Mais il a dit ne pas "partager l'optimisme" du négociateur ukrainien David Arakhamia. Ce dernier avait laissé entendre samedi que les discussions visant à mettre fin aux hostilités avaient considérablement avancé. "Les +experts+ diplomatiques et militaires ukrainiens tardent à confirmer même les accords déjà obtenus au niveau politique" a affirmé M. Medinski.
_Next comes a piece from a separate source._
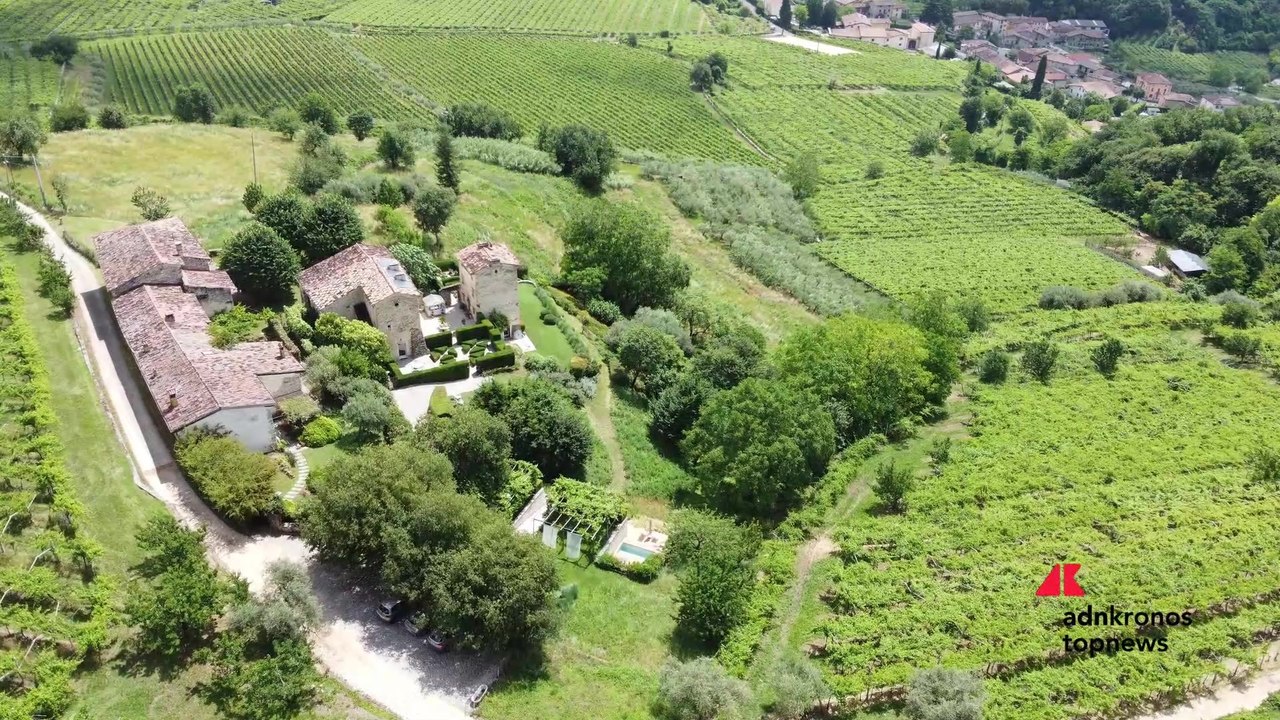 Airbnb, in Valpolicella Mara punta su privacy e autenticit? per valorizzare il territorio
Toujours sur le front diplomatique, le ministre grec des Affaires étrangères, Nikos Dendias, est arrivé dimanche à Odessa, dans le sud-ouest de l'Ukraine, a annoncé son ministère dimanche peu après que ce grand port ukrainien sur la Mer Noire eut été attaqué.
Dimanche au petit matin, une demi-douzaine d'explosions ont secoué les murs de la ville historique, jusqu'à présent épargnée par les combats, selon des journalistes de l'AFP et des habitants. Puis un nuage de fumée noire a bouché une partie de l'horizon.
Ces frappes n'ont pas fait de victimes selon le commandement régional de l'armée ukrainienne. Le ministère russe de la Défense a affirmé quant à lui que des tirs de "missiles de haute précision à partir de la mer et de la terre" avaient détruit "une raffinerie et trois dépôts de carburant et de lubrifiants" près de cette ville.
- Villes assiégées -
Dans le sud-est du pays, les efforts des troupes russes pour consolider leurs positions se sont heurtés jusqu'ici à la résistance des Ukrainiens à Marioupol, où quelque 160.000 personnes seraient toujours bloquées et dont au moins 5.000 habitants ont été tués, selon les autorités locales. Parmi ces victimes figure le réalisateur lituanien Mantas Kvedaravicius, 45 ans, tué en tentant de quitter cette ville portuaire assiégée par les Russes, a annoncé dimanche l'armée ukrainienne.
Pour Moscou, contrôler Marioupol permettrait d'assurer une continuité territoriale de la Crimée jusqu'aux deux républiques séparatistes prorusses du Donbass, Donetsk et Lougansk.
Impossibles pendant des semaines, des évacuations ont commencé à petite échelle. Samedi, quelque "1.263 personnes" ont voyagé de Marioupol et Berdiansk à Zaporojie par leurs propres moyens, et une dizaine de bus en convoi sont partis de Berdiansk, avec à leur bord 300 habitants de Marioupol, a annoncé en soirée la vice-Première ministre Iryna Verechtchouk sur Telegram. D'autres évacuations ont eu lieu dans l'est du pays.
Les forces russes continuent par ailleurs "de bloquer partiellement la ville de Kharkiv", la deuxième ville d'Ukraine, située dans l'est.
La Russie prévoit également "de créer des bataillons formés de résidents +volontaires+ des territoires temporairement occupés de l'Ukraine et de mercenaires", relève la même source.